Prince William County last week received permission from the federal government to use nine surplus Army residences in Woodbridge to house homeless families.

The county will pay no rent, or a nominal fee, and will have use of the seven-acre property on Dawson Beach Road for at least a year, said Gerald Bresee, real estate specialist with the Army Corps of Engineers, which handles the disposition of Army property. Prince William officials said they hope to extend the lease for up to five years.

Prince William is the first Virginia jurisdiction to use the McKinney Act, which encourages federal agencies to lend little-used property for use as homeless shelters.

Homelessness is a growing problem for Prince William.

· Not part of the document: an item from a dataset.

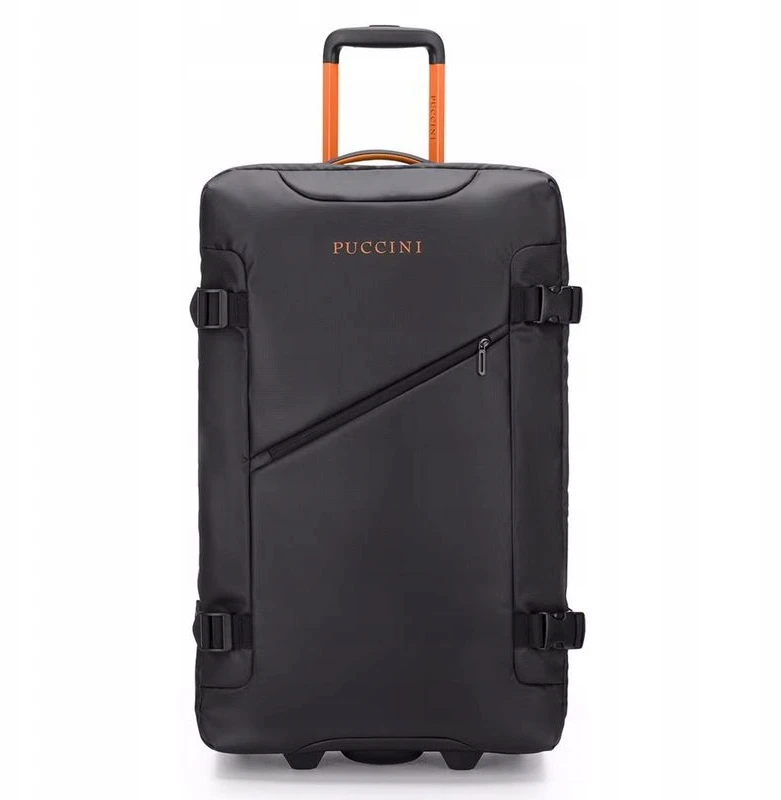 PUCCINI DIDELIS MINKŠTAS lagaminas ANT 2 RATŲ EM50249A-1 COLORADO Juodas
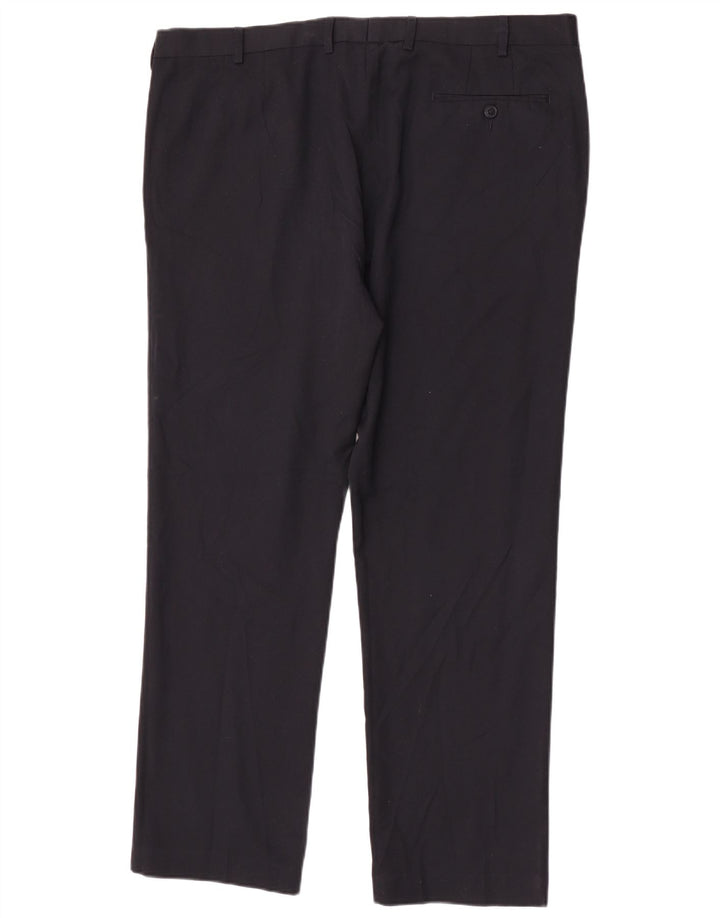 Marks & Spencer Herre Regular Fit Suit Bukser W42 L31 Marineblå polyester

A task force estimated last year that more than 200 people in the county were without permanent shelter. That figure probably is too low, officials said, because the area's economy has worsened since the count was made.

The duplex and row of town houses, formerly used by the Army to house soldiers stationed at Fort Belvoir and several other bases in the Washington area, will be used to house up to 14 families for three months to a year, said Ricardo Perez, Prince William director of social services. The units probably won't be ready for at least three months, said Deputy County Executive Lawrence Hughes.

The units will supplement the county's new emergency shelter, which is scheduled to open in late July.

Clients can stay in that facility for up to a month, while the Woodbridge units will be geared toward those who need more assistance.

"If we just shuttle people back out right away, they can make it for a few months, and then they're back in crisis again," Perez said.

"You may have a family where the father is {learning} to be an electrician . . . . They might stay {in the new facility} for three or four months," said Woodbridge Supervisor Hilda M. Barg.

The Woodbridge site also will house counseling offices and a homelessness prevention center. The county recently received a $206,000 state grant for a program that provides financial assistance to people on the brink of losing their homes.

The Woodbridge buildings were constructed in the 1950s and the units were renovated three years ago.

The county may try to purchase the property and build an additional homeless shelter on it, Barg said. "It's one of several sites" under consideration, she said.

The Army is trying to sell the property at market value because Congress voted in 1988 to include the site, which is adjacent to the Army's Harry Diamond Laboratories but considered a separate unit, on a list of bases that should be closed.